The comedy in Shakespeare’s “Comedy of Errors” stems from two pairs of identical twins – identical twin servants and their identical twin masters. The servants can’t tell the masters apart; the masters can’t tell the servants apart – and neither can anyone else.
This is where Scott Alan Small, director of Chesapeake Shakespeare Company’s production, inserts some fun of his own – a sight gag. In the roles of the twin servants, he has cast a slender woman, Kelsey Painter -- in drag -- and a rotund man, Bobby Henneberg. Talented Kelsey Painter dashes frantically around Chesapeake’s outdoor performance space -- the ruins of the Patapsco Female Institute in Ellicott City.
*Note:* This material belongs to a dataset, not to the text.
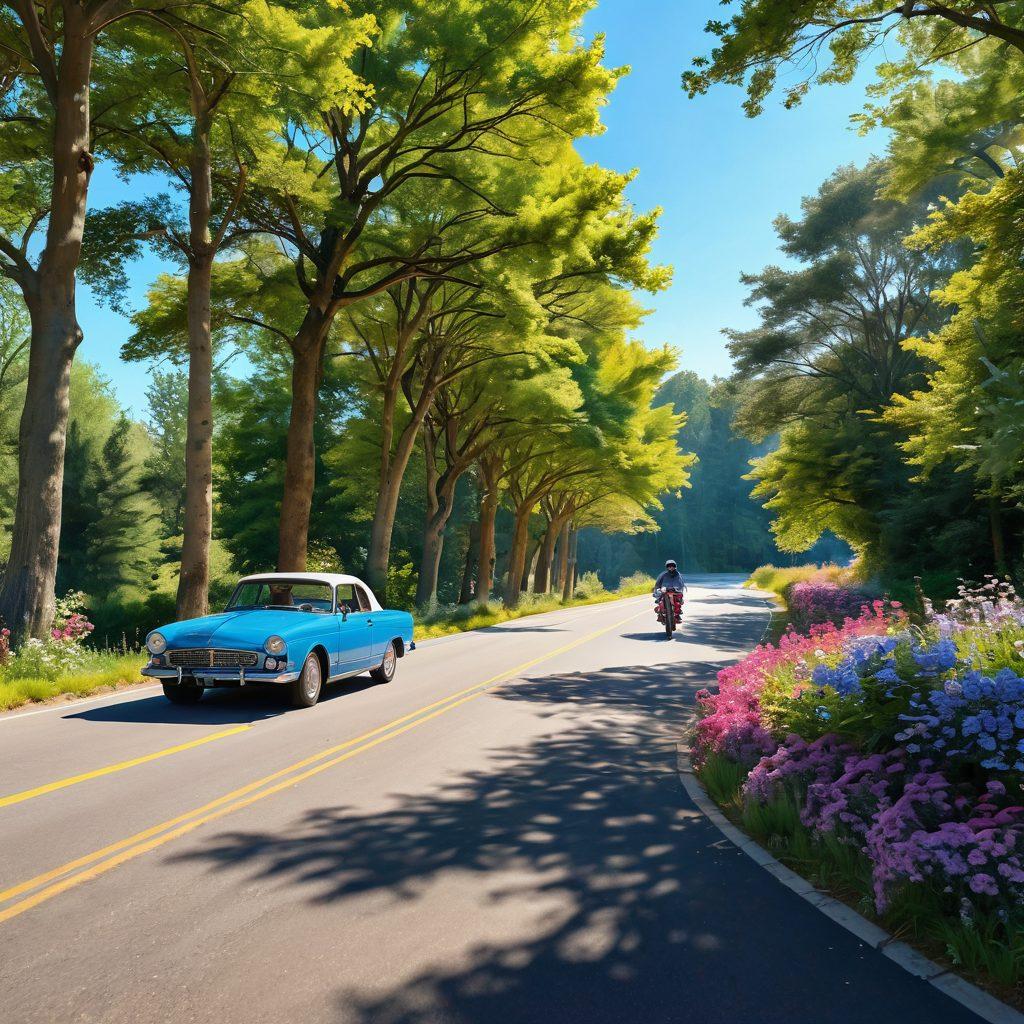 A serene landscape featuring a winding road bordered by vibrant flowers and trees, with a bright blue sky overhead. A joyful cyclist and a cheerful person driving a vintage car can be seen enjoying the journey. Subtle hints of sunbeams breaking through the trees evoke a sense of peace and happiness. The atmosphere radiates positivity and tranquility, inviting viewers to embrace their daily commute with joy. 3D, vibrant colors, super-realistic.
She even turns cartwheels on stage. Bobby Henneberg lumbers about jovially; when he tries to do cartwheels, he just sort of rolls around.
Watching the other characters repeatedly mix up this dissimilar twosome is the best new joke in director Small’s uneven production – a production that tries too much too hard, and often at the expense of genuine feeling. Because make no mistake, “The Comedy of Errors” may be an early Shakespearean comedy, but there’s a well of emotion underlying it.
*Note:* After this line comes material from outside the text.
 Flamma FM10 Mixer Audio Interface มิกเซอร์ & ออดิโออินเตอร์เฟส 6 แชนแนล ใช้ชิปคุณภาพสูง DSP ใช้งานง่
A husband and one of his twin infant sons have been separated from his wife and other twin, in a shipwreck. The husband has raised the one twin in Syracuse, unaware that his wife and the other twin are alive and in Ephesus. To further complicate matters, the Syracusan master and servant have taken the names of their lost brothers, Antipholus and Dromio. Antipholus of Syracuse and his father are so desperate to find their lost family, they’ve risked their lives to come to Ephesus. The Duke of Ephesus, played by Kate Forton, lays down the law at the top of the play. I’m not sure why the director cast a woman in the male role of the Duke.
It’s one of a raft of things – some comical, some inexplicable – tossed into a production lacking a unifying vision. For almost every clever new touch, there’s another that doesn’t work and detracts. The Kinks’ “Lola,” with the lyric, “Girls will be boys and boys will be girls,” works because of the added cross-dressing. But why is “The Battle Hymn of the Republic” hummed in the opening scene with the Duke? Tall, gruff Jeff Miller is amusing as a grimy, hulking kitchen wench who falls in love with Dromio of Syracuse. But it makes no sense to see the same actor, cast against gender and decked out in a turquoise beehive wig, as the devout, broken-hearted mother of the Antipholus twins.
“The Comedy of Errors” can withstand all sorts of embellishments. I’ve seen everyone from Charlie Chaplin to a pink llama show up on stage. But there’s a difference between tweaking the humor and throwing everything at the script to see what will stick -- from a Snickers commercial to a game of tug-of-war. Chesapeake Shakespeare’s production has its moments, but not enough ends up sticking.